As the Indian Space Research Organisation (ISRO) carried out the successful launch of Geosynchronous Satellite Launch Vehicle Mark III (GSLV MK III) a day before, Director of Space Application Centre (SAC) Tapan Misra said that no challenge was stressful till the people of the country help and support them. “The launch was extremely successful. We have developed a number of technologies. We need a final approval from the government. The Prime Minister always gives big targets to us. When people of this country help and support us, then the challenges are never stressful,” Misra told ANI. The ISRO yesterday launched its most powerful rocket GSLV Mk III carrying GSAT-19 communication satellite from Sriharikota, Andhra Pradesh.

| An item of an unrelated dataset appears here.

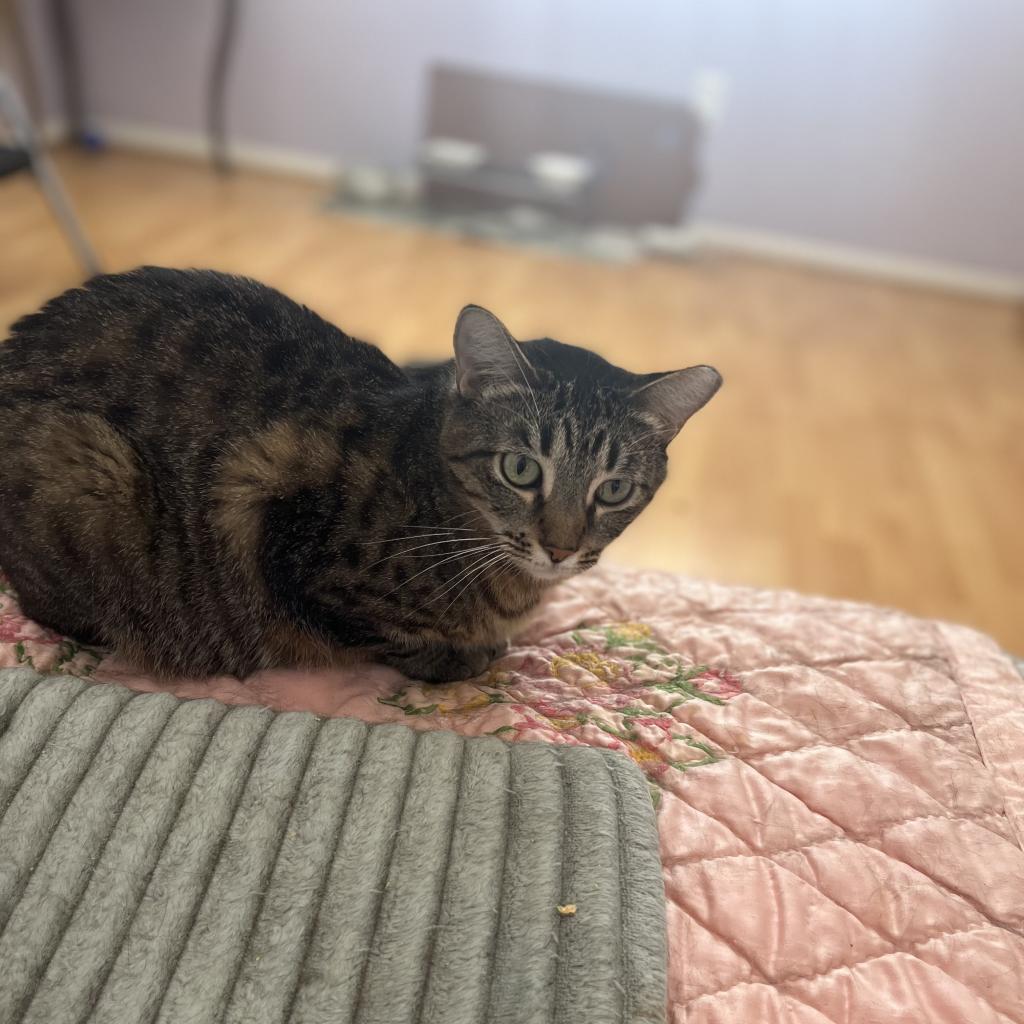 Tamara, a Adoptable Domestic Short Hair in Los Angeles, CA image 3/3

Former ISRO Scientist, Nambi Narayanan said, “We are glad on its launch. It is a three stage vehicle and has four tones of capability and post 10 tones in lower orbit. It’s is a big milestone for all of us, we also wish more clients to come.” ISRO Chief Kiran Kumar also lauded his entire team who worked on the project. GSLV-Mk III was launched from Satish Dhawan Space Center at 5:28 pm. The rocket is carrying 3,136-kilogram weighed GSAT-19 communication satellite and will place it a distance of 36,000 km from earth.

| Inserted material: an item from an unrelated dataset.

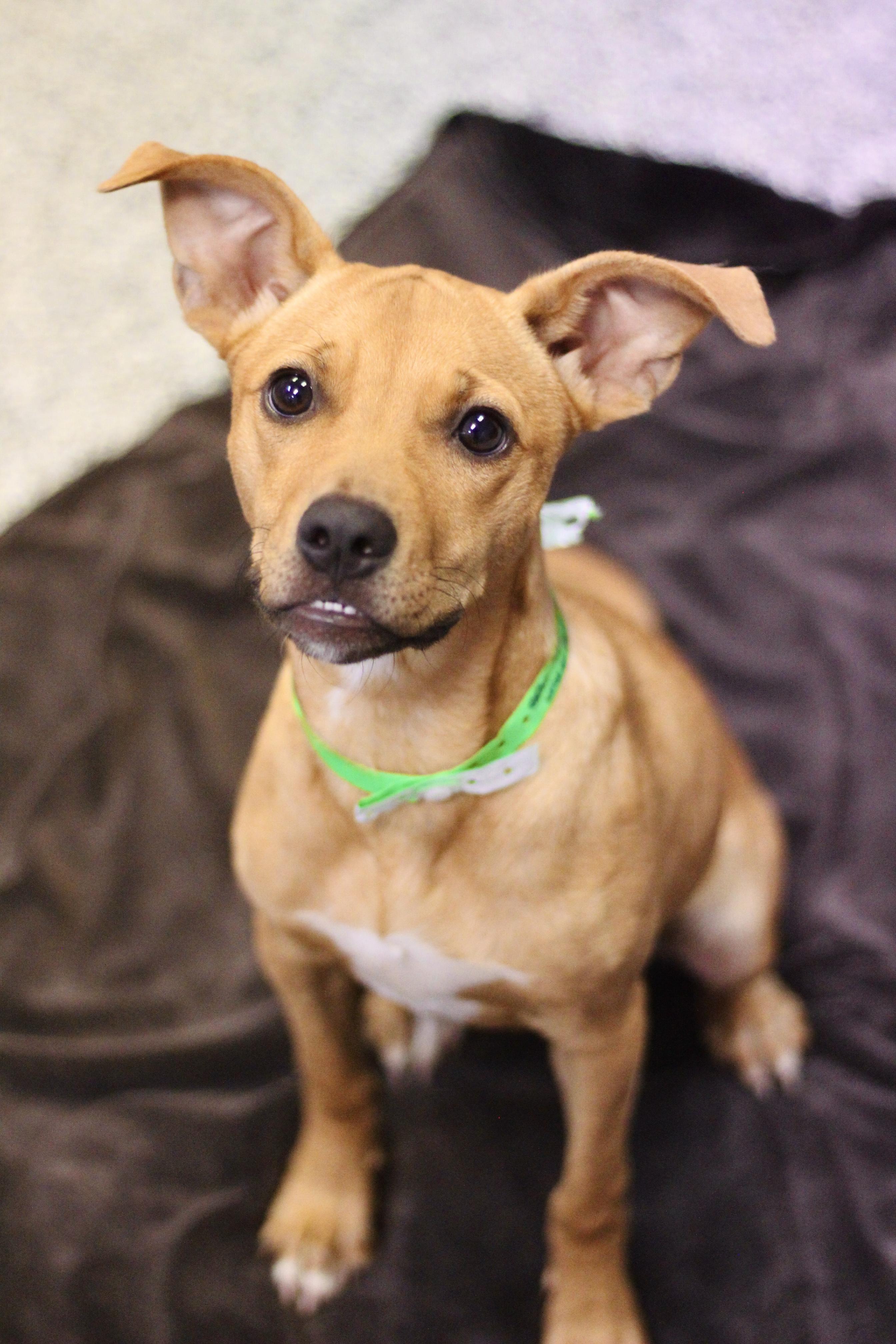 Strawberry Julius in NH! Come Meet our Adoptable Dogs Wednesday-Saturday. More info in Bio!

The rocket was developed for 15 years at a cost of around Rs. 300 crore. Dubbed by the scientists as the “Monster Rocket”, it has the capability to launch satellites as heavy as 4 tonnes, i.e. 4000 kilograms. Currently, India has to take the help of foreign countries if it wants to launch communication satellites beyond 2.3 tons. With this India will be in the elite club of launching a heavy satellite. So far, the United States, Russia, Europe, China and Japan have achieved this feat.

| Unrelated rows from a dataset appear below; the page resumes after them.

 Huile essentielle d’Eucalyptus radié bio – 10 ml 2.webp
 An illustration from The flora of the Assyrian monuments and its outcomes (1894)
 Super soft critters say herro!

The rocket is powered by an indigenous cryogenic engine that uses liquid oxygen and liquid hydrogen as propellants. The flight’s launch is expected to boost India’s assertions of putting humans into space. Reportedly, the ISRO has asked Rs. 12,500 crore from the Centre for its mission to place humans in space. If approved, the work is expected to take roughly seven years. The premiere space agency has already developed critical technologies for a human space mission. The space suit is ready and a crew module was tested in 2014.